If you’re seeking the best prices on holiday gifts, Black Friday may not be all that it’s cracked up to be. Instead, be patient, and when the second week of December rolls around, be ready to pounce.
The modern-day shopper is primed to expect deals. According to a Deloitte survey, 44% of shoppers plan on making purchases for the holidays only when items go on sale—so they’re obviously confident pretty much everything will be discounted at some point.
But when’s the best time to buy? Deal experts, retail analysts, and everyday consumers are trying to unlock that mystery, especially when it comes to classic holiday purchases such as toys.
When popular toys are in short supply and parents struggle to find them available anywhere, there is no incentive whatsoever for stores to discount them. Retailers know that desperate shoppers will pay full price—or way above to online sellers—for the season’s “hot” toy, especially if it looks like it’ll be sold out.

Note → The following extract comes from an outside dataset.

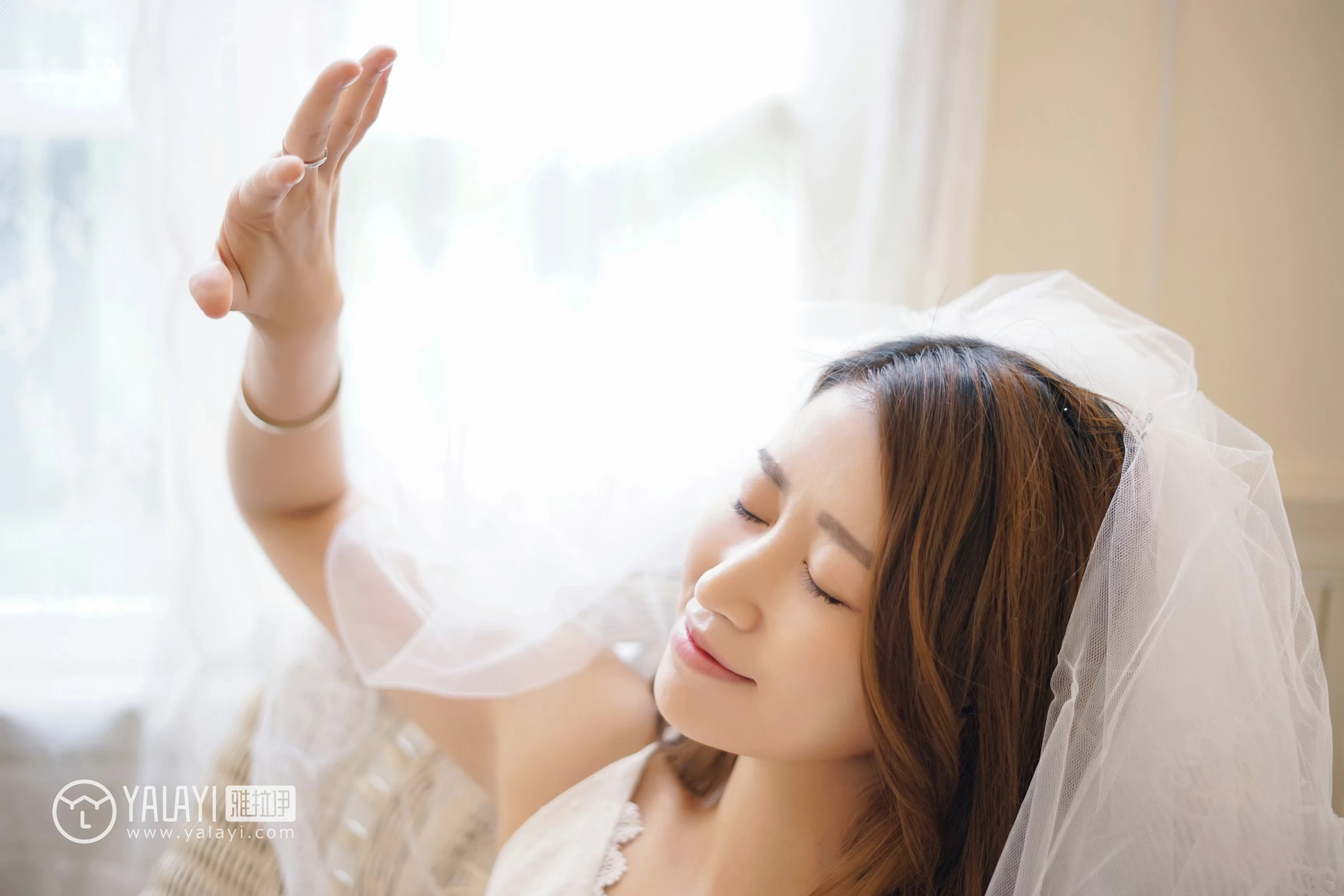 [YALAYI雅拉伊]NO.037 午后阳光 饰媛 白色吊带蕾丝连衣裙性感私房写真集第3张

On the other hand, if Christmas is rapidly approaching and toys haven’t been flying off the shelf, stores will naturally resort to discounting. What we’ve been seeing in recent years is that retailers have been releasing “hot toy” lists earlier and earlier. By doing so, stores push parents into buying earlier, which could increase the odds of stores selling out earlier—all of which could help the store avoid having to discount merchandise dramatically, if at all.

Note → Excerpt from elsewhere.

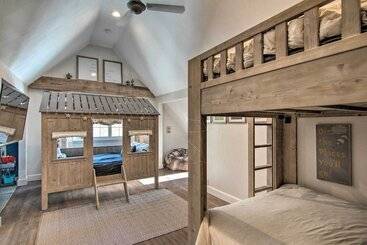 بيت ريفى Outdoor Kitchen & Swim Spa: 1 Acre Grand Lake Home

Considering all the shenanigans being played by retailers, the folks at dealnews have analyzed the sales and prices of last year’s hot gift items, and come to the conclusion that shoppers should bite on toys in early November, or even during Black Friday weekend. Here’s why:
Last year nearly all of the toys we saw deals on hit their price lows during the two weeks leading up to Christmas.
During the second and third week of December 2011, many toys deemed “hot” by Toys R Us were marked down by 50% of more. For the most part, shoppers should expect more of the same this year. Seeing as the majority of “hot” toys cost $50 or more at full price this year, the potential savings (or overspending) can be huge.
It’s not just toy buyers who can benefit by waiting until after the Black Friday period has passed. In fact, the perception is growing that Black Friday is irrelevant because retailers launch holiday sales and promotions long before Thanksgiving nowadays. What’s more, as data gathered for the Wall Street Journal demonstrated, prices for many goods—kitchen appliances, large-screen TVs, clothing—aren’t necessarily the cheapest around Black Friday.
That goes for online purchases as well. After releasing the results of MarketLive’s “Multi-Channel Shopper” survey, company founder and chairman Ken Burke predicted (via InternetRetailer) the peak period for deep e-retail discounting would be the second week in December:
Burke says it’s important to consider the dates holidays fall on when deciding when to begin offering discounted prices to stimulate sales. After four years of conducting the survey and watching how the subsequent holiday shopping season plays out, Burke predicts that e-retailers will begin pushing deeper discounts this year a little later than usual, between Dec. 8 and 15.
That period, of course, coincides with the week dealnews highlights as the primo time for snagging hot toys at bargain prices. Man, that’ll be some busy week for deal hunters! (And, for many consumers, probably a very unproductive week at work.)
It could also be quite a frustrating week for the folks who have already finished their shopping lists, as it dawns on them that they’ve paid way more than necessary.
There are sure to be exceptions to the rule that prices will be most attractive during that second or third week of December. Jewelry tends to get more expensive as Christmas nears, as retailers play off the idea that last-minute shoppers are growing increasingly desperate. Black Friday will probably have its share of astoundingly inexpensive TVs and electronics, though, as Consumer Reports notes, the cheapest items tend to be off-brand models that don’t hold up—and turn out to be poor values in the long run.
There’s also the possibility that some toy becomes such a hit that, for week after week, stores sell out soon after placing them on shelves—at full price, of course.